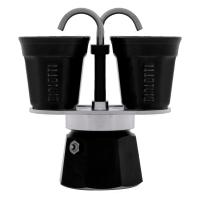 Гейзерная кофеварка Bialetti Mini Express Black с 2 стаканами (2 порции)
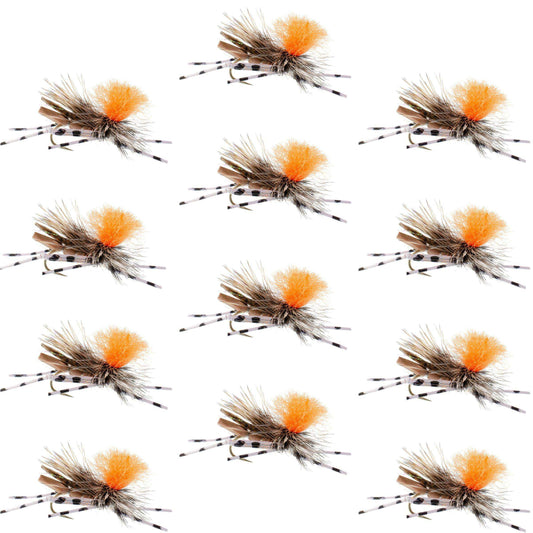 Feth Hopper Tan - Foam Grasshopper Fly Pattern - 1 Dozen Flies Hook Size 10 - Skoutley Outdoors LLC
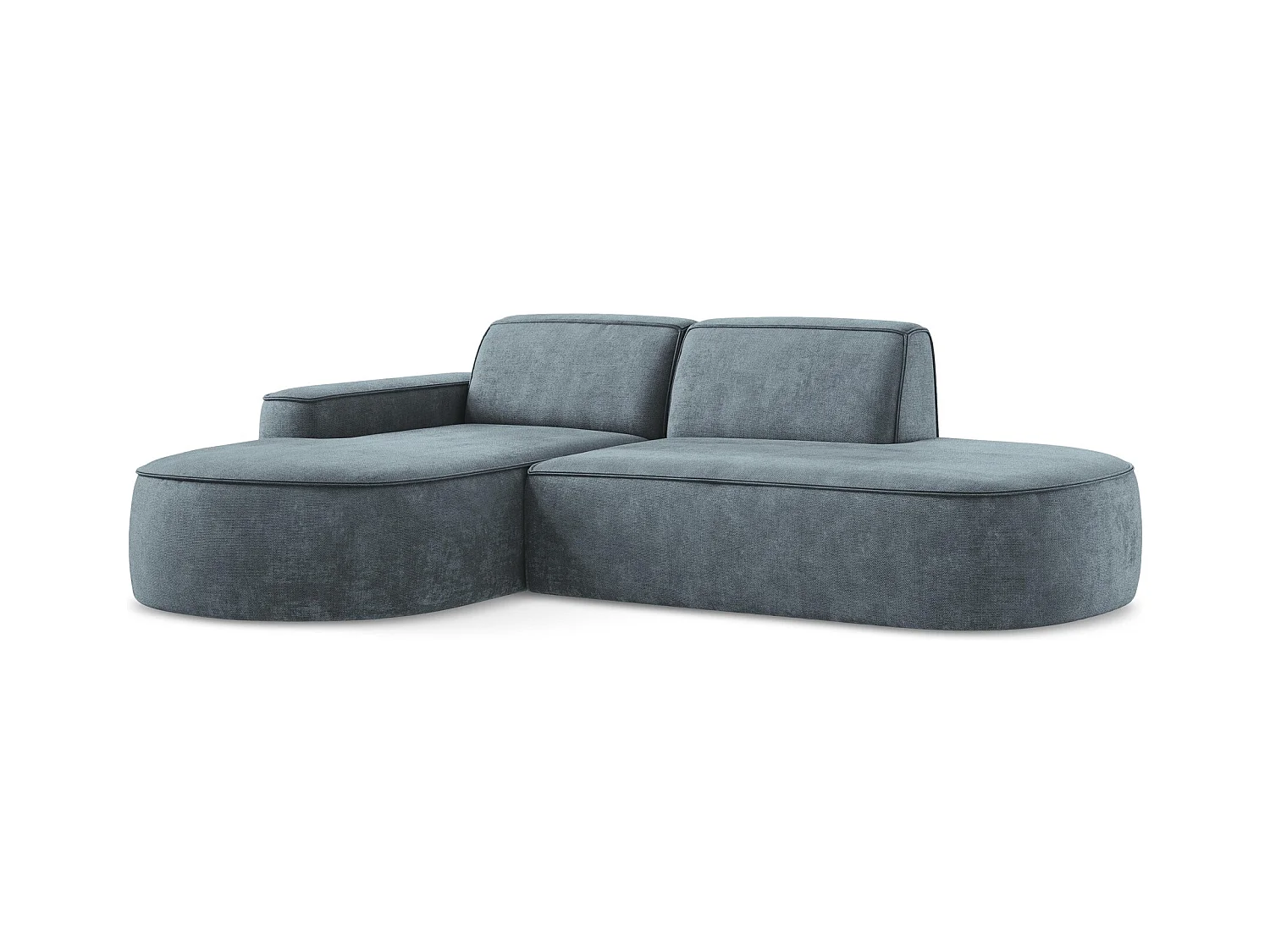 Canapé d'angle 3 places modulaire gauche en tissu chenille - jeans - OMAO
**********
• What is being asked:
From the line that contains "Feth Hopper Tan" to the last line of the data above, inclusive, transcribe every line exactly and only those lines, omitting pictures.

• Answer to the problem:
 Feth Hopper Tan - Foam Grasshopper Fly Pattern - 1 Dozen Flies Hook Size 10 - Skoutley Outdoors LLC
 Canapé d'angle 3 places modulaire gauche en tissu chenille - jeans - OMAO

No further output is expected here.